Among the top five refineries that cracked the most crudes in December 2019, both Dongming Petrochemical and Jincheng Petrochemical, had reduced their respective crude throughputs by 2.9% and 6.7% from November.

This was mainly due to the local government requiring crude throughputs to be reduced during heavy smog, allowing refiners to restore their throughputs after the weather cleared, industry sources said.

Nevertheless, Dongming was still the top refinery cracking 670,000 mt of crudes last month, followed by Hongrun Petrochemical with 603,000 mt.

Besides Dongming and Jincheng, the remaining three refineries — Hongrun, Luqing Petrochemical and ChemChina’s Changyi Petrochemical — were able to raise crude throughputs slightly.

These top five refineries cracked a combined 2.8 million mt of crudes, about 27% of the total crude consumption by the surveyed refineries.

The remaining 32 operational refineries cracked an average of 235,000 mt of crudes last month.

URALS SEE THE BIGGEST SPIKE AMONG TOP 10 GRADES

In December 2019, a total of 37 grades of imported crudes were cracked by the surveyed refineries, compared with 30 grades in November.

Of the top 10 grades, the consumption of Urals spiked a massive 534.6% to 330,000 mt from November 2019.

All the Urals were cracked by ChemChina’s three refineries. Urals usually compete with Oman crude when independent refineries choose their feedstock.

The consumption of Oman also increased 11.1% month on month to around 850,000 mt in December.

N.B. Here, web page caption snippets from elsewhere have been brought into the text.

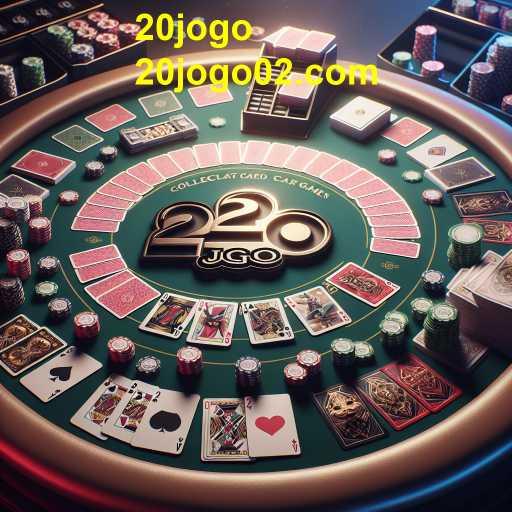 Explore a Diversidade dos Jogos de Cartas no 20jogo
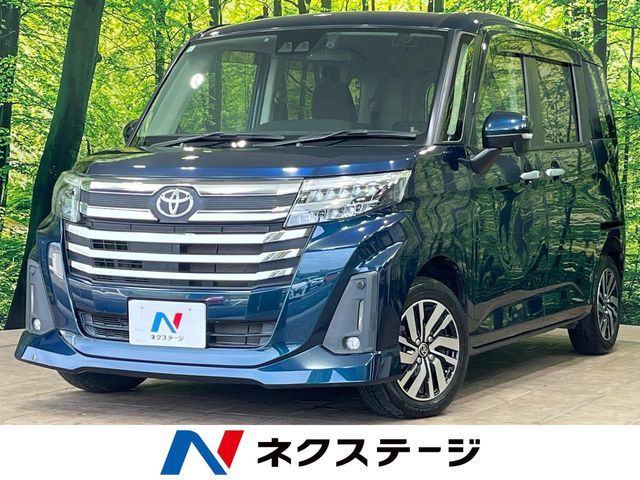 TOYOTA / ROOMY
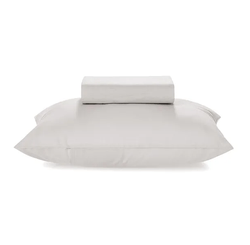 Jogo de Cama Percal 160 Fios Liso Simples Matiza Solteiro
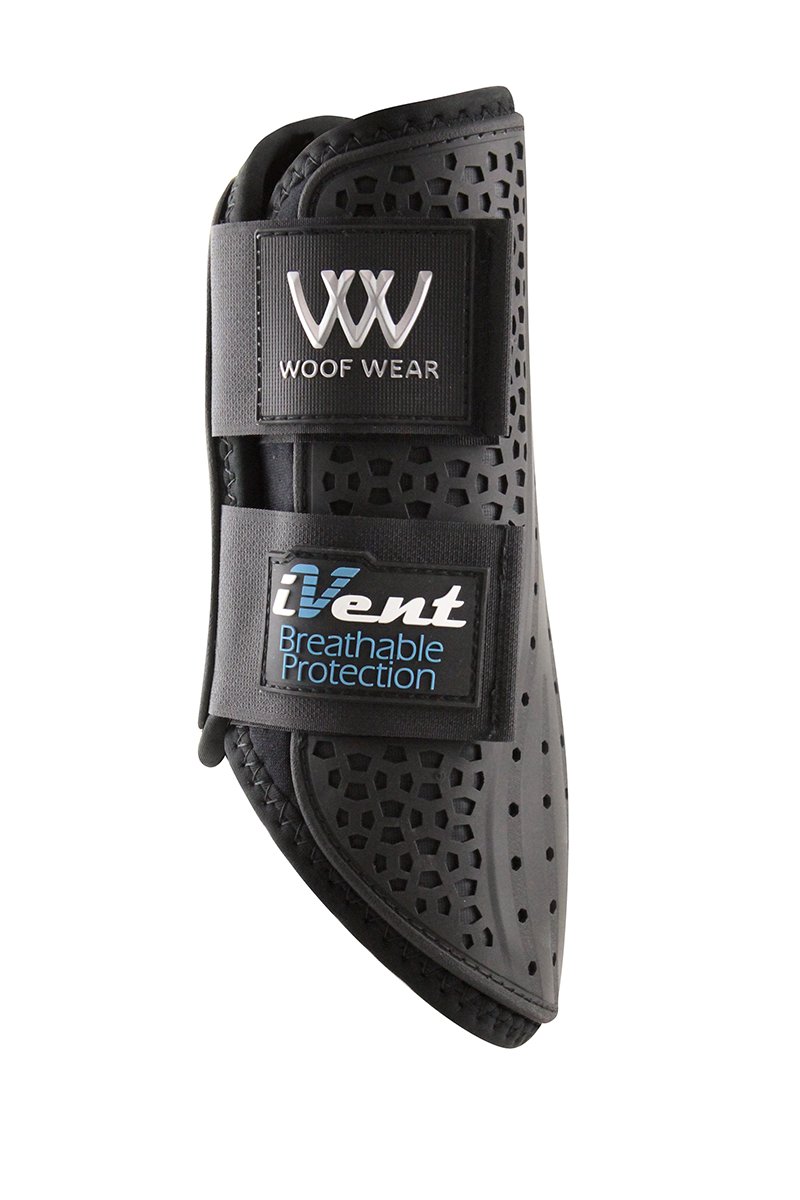 Woof Wear iVent Hybrid Boot - Black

The grade was also cracked by all three of ChemChina’s refineries, in addition to Wonfull Petrochemical, Dongming Petrochemical, and Hongrun Petrochemical.

Consumption of another Middle Eastern crude grade, Basrah, also increased to 540,000 mt in December, up 107.7% from November.

On top of these grades, ESPO and Lula remained the most favored grades by independent refineries in December, with 1.64 million mt, and 1.36 million mt, respectively.

GASOIL STOCKS AT 6-MONTH HIGH

With the demand weak, stocks of gasoil have reached a six-month high of around 600,000 mt in December 2019, according to the JLC data. It was up 17% month on month.

Stocks of gasoline also rose 14% on the month from November to around 370,000 mt in December.

Combined stocks of gasoil and gasoline rose 15.8% from November, despite the 0.5% month on month decline in total output, the data showed.

During the month, the average gasoil price dropped 0.4% month on month to Yuan 6,426 ($918)/mt, while the average price of gasoline climbed 5.2% on the month to Yuan 6,615/mt, according to JLC.

However in January 2020, refineries expect downstream buyers to replenish stocks before the Lunar New Year holidays at end January.